You are not John McClane. Neither is anybody else.

If only other people in that theater had been armed, maybe this wouldn’t have happened…

This sentiment has made its way around since Friday. For the most part, it is a fantastical load of bull. Here’s why.

Dark theater, loud movie, intense action sequence. Add to that a deranged gunman and a room full of people who were not expecting real gunfire. I have never attempted to shoot a specific person in a crowded theater full of panicked people, and neither has almost 100% of the American public. It sounds prohibitvely impossible. Did I mention that this all occurred in the dark. In. The. Dark.

Experienced Delta Force operators would have difficulty with that sort of situation, I imagine, because once again, no one expected gunfire.

In a crowded, chaotic, dark environment, several questions present themselves. What if you shoot and miss, and hit an innocent bystander? What if you see someone with a gun, you shoot, and you then learn that the person you killed was a fellow CHL carrier, also trying to take the shooter down? What happens when the cops show up? They are, in all likelihood, not going to know that you are a heroic defender of the innocent. They are going to see an asshole with a gun, and it is highly likely that they are going to take you down. They may or may not conclude that you were not an aggressor, but by then you’ll be dead, and the cop who shot you will probably still get a medal.

It is very comforting to think that an armed citizen could have handily taken the shooter in Aurora down, and it is possible that someone with sufficient training and skill could have. The odds are very much against it, and pondering it is really just a comic-book fantasy that we use to make ourselves feel better and to tell ourselves “I would have done it differently.”

David Weigel at Slate looks at the reality of trying to shoot this guy in the context of a darkened, noisy theater filled with what might have been tear gas. He discusses past situations where a bystander did successfully stop a shooter, noting that they all occurred in open spaces and in broad daylight. In a follow-up piece, Weigel talks to Greg Block, a federally-certified firearms safety trainer with twenty-nine years of experience. Block, to put it mildly, knows more about firearms than most people talking about arming the moviegoers will ever, ever know. Block thinks that he, personally, could have gotten the drop on the shooter, but for the fact that it was dark, crowded, and full of disorienting smoke. He says he could have gotten shots off within two seconds. Among anyone reading this, or anyone that anyone reading this knows, how many people could fire multiple accurate shots from a pistol within two seconds of drawing their gun? Again, I can’t say for certain, but I suspect the answer, if not zero, is asymptotic to zero. How many people who want to carry guns in public could even have the reaction time to draw, identify the correct target, and shoot in under two seconds? Very, very few, I reckon. Unless, of course, you are a current or former Delta Force operator.

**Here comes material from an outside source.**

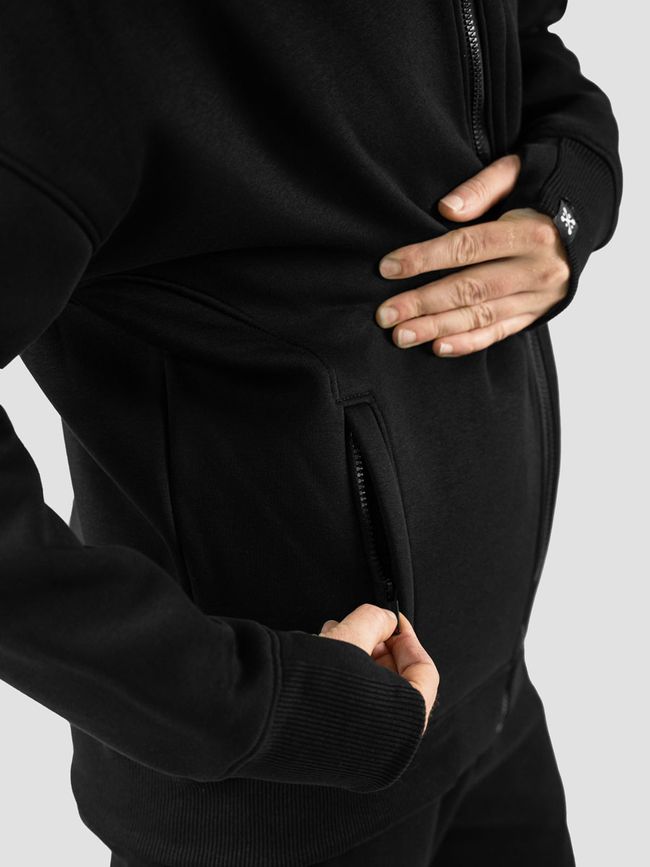 Комплект костюм чоловічий та футболка “Мінімалістичний тризуб”, Чорний, 2XS, XS (99 см)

We stopped being the kind of society that spends a significant portion of its free time preparing for gun battles over a century ago. Do we really want to go back to that? Because that is the only way that arming the moviegoers would have even stood a chance of success, i.e. if everyone had gone in there mentally prepared for battle.

What Happens When Bystanders Have Guns

Two fairly recent stories cast doubt on any guarantee of a happy outcome when law-abiding citizens are armed.

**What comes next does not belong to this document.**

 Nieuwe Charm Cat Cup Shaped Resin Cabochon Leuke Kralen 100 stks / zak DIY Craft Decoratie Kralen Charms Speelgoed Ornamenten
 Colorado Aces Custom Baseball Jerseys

During the shooting in Tucson in January 2011, bystanders managed to subdue the shooter. One of them got the gun away from him. Seconds later, that man, by all accounts a hero, might have died, because another bystander with a gun, Joe Zamudio, might have shot him. Zamudio was in a drug store near to the scene of the shooting, and he says the fact that he had a gun helped inspire him to run to help. Fortunately, Zamudio had not drawn his gun yet. Instead, he threw the guy against a wall, and then he saw the real shooter on the ground. Zamudio told the Arizona Daily Star that he did not draw his gun right away because “he didn’t want to be confused as a second gunman.” In this specific context, the man grabbed by Zamudio was likely not in any mortal danger from Zamudio. Can we expect, however, that everyone will show Zamudio’s level-headedness and restraint?

Earlier this month in Florida, Andrew Lee Scott had a gun, presumably to protect himself. We will never know exactly why Scott was holding a gun, though, because he is dead. At 1:30 a.m., in a bad part of town, Scott (again presumably) heard a knock on his door. Scott answered the door with his pistol in his hand. On the other side of the door were two sheriff’s deputies, who proceeded to shoot Scott dead.

The cops say that Scott pointed his gun at them, and that they responded with appropriate force–e.g. shoot before getting shot. This follows the First Rule of Policing: get home alive. Scott had no way of knowing that the knock on his door was from two cops, and that’s where this gets tricky. One could easily argue that Scott made a reasonable decision to arm himself to protect his home from a possible intruder. Ill intent is a reasonable conclusion from an anonymous knock on the door, at 1:30 a.m., in a bad neighborhood. Scott was acting, one could say, in the finest tradition of the Second Amendment to the U.S. Constitution. And the cops killed him for it.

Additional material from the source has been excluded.